From the records below, copy out exactly the lines from the one containing "1993 Mako 201" to the one containing "Swooping owl for", both included. Add nothing else.

• • • • • • •

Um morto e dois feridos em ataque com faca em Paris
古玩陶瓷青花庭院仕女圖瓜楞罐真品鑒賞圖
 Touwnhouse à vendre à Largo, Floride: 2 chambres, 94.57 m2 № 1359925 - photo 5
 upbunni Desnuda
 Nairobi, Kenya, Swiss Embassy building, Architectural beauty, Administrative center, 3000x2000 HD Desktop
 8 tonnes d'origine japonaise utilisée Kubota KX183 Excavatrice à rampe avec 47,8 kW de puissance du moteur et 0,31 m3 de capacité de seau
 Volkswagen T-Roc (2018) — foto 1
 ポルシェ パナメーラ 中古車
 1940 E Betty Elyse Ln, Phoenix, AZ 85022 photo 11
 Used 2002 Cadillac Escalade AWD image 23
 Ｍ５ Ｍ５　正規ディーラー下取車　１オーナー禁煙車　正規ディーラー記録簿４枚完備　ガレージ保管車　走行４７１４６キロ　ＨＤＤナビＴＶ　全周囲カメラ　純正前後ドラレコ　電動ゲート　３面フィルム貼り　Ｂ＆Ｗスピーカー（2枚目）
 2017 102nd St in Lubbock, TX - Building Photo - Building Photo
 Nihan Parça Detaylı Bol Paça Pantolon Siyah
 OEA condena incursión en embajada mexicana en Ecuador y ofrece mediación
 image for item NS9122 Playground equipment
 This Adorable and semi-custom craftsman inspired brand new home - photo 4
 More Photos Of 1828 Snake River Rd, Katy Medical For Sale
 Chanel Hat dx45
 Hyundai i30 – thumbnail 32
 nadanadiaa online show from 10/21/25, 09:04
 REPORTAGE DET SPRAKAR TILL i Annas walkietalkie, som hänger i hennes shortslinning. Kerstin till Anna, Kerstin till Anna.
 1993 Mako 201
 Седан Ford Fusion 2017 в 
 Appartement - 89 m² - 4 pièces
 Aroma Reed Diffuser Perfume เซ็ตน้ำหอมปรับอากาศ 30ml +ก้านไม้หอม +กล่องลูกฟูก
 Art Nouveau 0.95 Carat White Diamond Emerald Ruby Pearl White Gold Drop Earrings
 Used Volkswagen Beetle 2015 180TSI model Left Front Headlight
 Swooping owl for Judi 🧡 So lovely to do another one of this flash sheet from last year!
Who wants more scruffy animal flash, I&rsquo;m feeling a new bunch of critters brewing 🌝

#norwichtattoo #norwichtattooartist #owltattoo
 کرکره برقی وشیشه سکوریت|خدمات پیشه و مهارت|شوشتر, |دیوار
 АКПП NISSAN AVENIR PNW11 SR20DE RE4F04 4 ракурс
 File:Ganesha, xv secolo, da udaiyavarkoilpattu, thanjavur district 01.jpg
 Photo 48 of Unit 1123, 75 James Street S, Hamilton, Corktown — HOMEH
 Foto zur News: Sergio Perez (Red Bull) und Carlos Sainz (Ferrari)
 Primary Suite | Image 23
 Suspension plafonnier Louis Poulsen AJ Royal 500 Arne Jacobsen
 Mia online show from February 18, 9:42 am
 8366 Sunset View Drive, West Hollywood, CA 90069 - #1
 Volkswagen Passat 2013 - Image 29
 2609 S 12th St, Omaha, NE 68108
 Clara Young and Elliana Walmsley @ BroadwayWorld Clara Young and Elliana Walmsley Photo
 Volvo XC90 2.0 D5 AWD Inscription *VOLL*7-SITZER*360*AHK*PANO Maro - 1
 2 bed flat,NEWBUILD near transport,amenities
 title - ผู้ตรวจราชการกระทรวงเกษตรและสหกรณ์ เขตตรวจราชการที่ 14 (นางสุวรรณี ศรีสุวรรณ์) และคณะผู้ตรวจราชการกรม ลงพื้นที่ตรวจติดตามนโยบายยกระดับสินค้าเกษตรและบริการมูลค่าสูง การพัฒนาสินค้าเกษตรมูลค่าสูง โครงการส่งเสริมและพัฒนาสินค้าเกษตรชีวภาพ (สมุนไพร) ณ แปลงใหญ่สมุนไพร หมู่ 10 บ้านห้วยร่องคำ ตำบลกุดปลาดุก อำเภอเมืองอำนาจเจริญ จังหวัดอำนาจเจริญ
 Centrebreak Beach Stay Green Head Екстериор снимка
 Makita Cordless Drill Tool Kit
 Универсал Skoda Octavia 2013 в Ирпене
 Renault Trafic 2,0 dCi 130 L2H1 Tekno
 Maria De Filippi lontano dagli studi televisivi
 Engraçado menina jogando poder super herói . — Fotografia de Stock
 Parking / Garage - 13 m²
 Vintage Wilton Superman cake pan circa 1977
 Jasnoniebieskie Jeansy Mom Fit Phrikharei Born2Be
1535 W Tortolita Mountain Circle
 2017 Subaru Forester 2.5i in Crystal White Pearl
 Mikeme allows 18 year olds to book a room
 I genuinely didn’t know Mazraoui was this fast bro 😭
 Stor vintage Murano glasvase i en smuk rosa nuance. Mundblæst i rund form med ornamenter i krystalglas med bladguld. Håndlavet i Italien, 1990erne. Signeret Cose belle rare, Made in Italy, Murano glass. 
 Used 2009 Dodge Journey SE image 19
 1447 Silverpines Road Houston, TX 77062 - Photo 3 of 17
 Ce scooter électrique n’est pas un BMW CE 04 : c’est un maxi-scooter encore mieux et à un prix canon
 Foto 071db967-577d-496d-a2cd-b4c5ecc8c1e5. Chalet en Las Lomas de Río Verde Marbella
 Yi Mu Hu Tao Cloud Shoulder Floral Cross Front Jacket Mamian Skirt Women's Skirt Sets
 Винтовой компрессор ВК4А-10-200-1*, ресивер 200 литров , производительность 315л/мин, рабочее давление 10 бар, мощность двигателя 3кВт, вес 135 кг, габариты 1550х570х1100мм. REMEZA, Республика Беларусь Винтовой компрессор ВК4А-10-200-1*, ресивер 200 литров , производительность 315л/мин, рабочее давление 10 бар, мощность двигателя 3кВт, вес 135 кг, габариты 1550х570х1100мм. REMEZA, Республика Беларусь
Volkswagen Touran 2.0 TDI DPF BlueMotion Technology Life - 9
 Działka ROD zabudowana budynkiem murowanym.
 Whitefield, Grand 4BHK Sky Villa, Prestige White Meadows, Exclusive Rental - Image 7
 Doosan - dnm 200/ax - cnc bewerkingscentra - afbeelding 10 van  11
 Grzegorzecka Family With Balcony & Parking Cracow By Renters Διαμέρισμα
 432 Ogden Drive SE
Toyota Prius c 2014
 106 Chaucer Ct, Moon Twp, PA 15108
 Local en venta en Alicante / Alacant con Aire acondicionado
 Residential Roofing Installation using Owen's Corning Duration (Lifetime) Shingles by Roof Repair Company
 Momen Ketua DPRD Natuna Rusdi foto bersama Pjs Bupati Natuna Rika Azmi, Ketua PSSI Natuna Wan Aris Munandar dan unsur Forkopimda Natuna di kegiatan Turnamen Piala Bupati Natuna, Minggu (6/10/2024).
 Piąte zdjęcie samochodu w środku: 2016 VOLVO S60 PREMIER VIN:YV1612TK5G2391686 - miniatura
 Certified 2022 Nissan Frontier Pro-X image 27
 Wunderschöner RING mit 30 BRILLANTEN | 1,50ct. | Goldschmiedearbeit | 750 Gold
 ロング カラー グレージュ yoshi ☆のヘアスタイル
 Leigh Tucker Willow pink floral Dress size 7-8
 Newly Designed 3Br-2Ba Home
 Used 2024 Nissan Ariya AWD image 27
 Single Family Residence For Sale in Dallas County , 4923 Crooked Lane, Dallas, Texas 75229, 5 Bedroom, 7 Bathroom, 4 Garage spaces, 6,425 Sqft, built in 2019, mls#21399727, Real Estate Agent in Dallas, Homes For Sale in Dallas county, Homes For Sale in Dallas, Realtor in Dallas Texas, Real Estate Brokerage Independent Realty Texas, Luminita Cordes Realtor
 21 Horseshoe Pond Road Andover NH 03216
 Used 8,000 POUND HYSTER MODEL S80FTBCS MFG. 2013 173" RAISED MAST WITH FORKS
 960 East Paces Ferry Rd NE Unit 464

• • • • • • •

*ANSWER SECTION*:
 1993 Mako 201
 Седан Ford Fusion 2017 в 
 Appartement - 89 m² - 4 pièces
 Aroma Reed Diffuser Perfume เซ็ตน้ำหอมปรับอากาศ 30ml +ก้านไม้หอม +กล่องลูกฟูก
 Art Nouveau 0.95 Carat White Diamond Emerald Ruby Pearl White Gold Drop Earrings
 Used Volkswagen Beetle 2015 180TSI model Left Front Headlight
 Swooping owl for Judi 🧡 So lovely to do another one of this flash sheet from last year!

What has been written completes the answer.